I have to admit, you are right, when females get the upper hand in a club, the downfall is not far behind.

I far prefer to train with the guys, although there are a few that have too many female hormones that are liable to rock the boat!!

Absolutely no reference to the girls on here:grin:


----------



## Mike Lauer (Jul 26, 2009)

BAH
dont be sexist 
morons come in both sexes

you need to stay away from them not women or Italians or small men with one green eye and one blue eye


----------



## Connie Sutherland (Mar 27, 2006)

Mike Lauer said:


> BAH
> dont be sexist
> morons come in both sexes
> 
> you need to stay away from them not women or Italians or small men with one green eye and one blue eye


Toadally correct (well, except for the small men with one green eye and one blue eye).
:lol:


----------



## Nicole Stark (Jul 22, 2009)

It probably doesn't need to be said but, I think far more valuable than a book or DVD is a solid mentor. So, if you presently belong to a club or are scouting one out then seek to find someone in the club who shares your values and demonstrates some good common sense. This person should also be capable of seeing his or her vision through to a complete and finished product.
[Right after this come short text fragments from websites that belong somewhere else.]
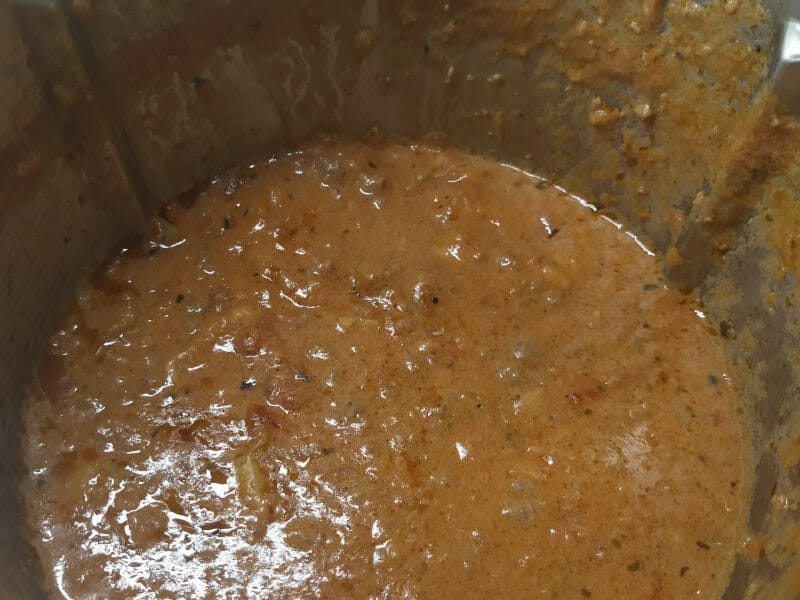 Cliquez pour zoomer ! La pizza soupe Thermomix par Castor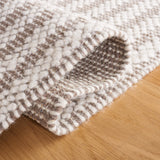 Safavieh Natura Nat227E Ivory/Taupe Rug.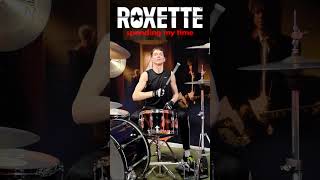 Roxette  Spending My Time  Drum Cover [upl. by Mastic]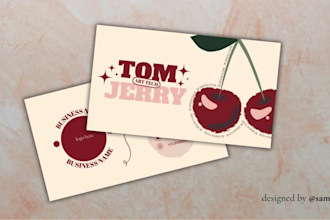 design a luxury modern business card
Complete is the key word here. Finding someone whose only good at one or two components in training is fairly easy, finding someone whose able to link all those pieces together will assist in taking you much further in the end.


----------



## Sherry Spivey (Sep 7, 2009)

I like the Ivan videos and the Sheila Booth book Training in Drive.

If you can't find stuff on Amazon try www.dogwise.com

The Leerburg stuff was a waste of money. Haven't they updated some of their stuff since the 70's????? Their Sch 1 handler dvd was so outdated it was useless.#-o

The biggest blowhard and spouter of misinformation at our club is a MALE. Our club president is a female who trains police dogs and she has been helpful and informative. I think idiots come in all flavors. Go watch and learn, how TO do things and how NOT to do things.

Don't believe everything you see, read or hear. Keep your eyes, ears and mind open and form your own opinions. That being said you can learn a lot from books and DVDs, but a club is where you will get your real education.


----------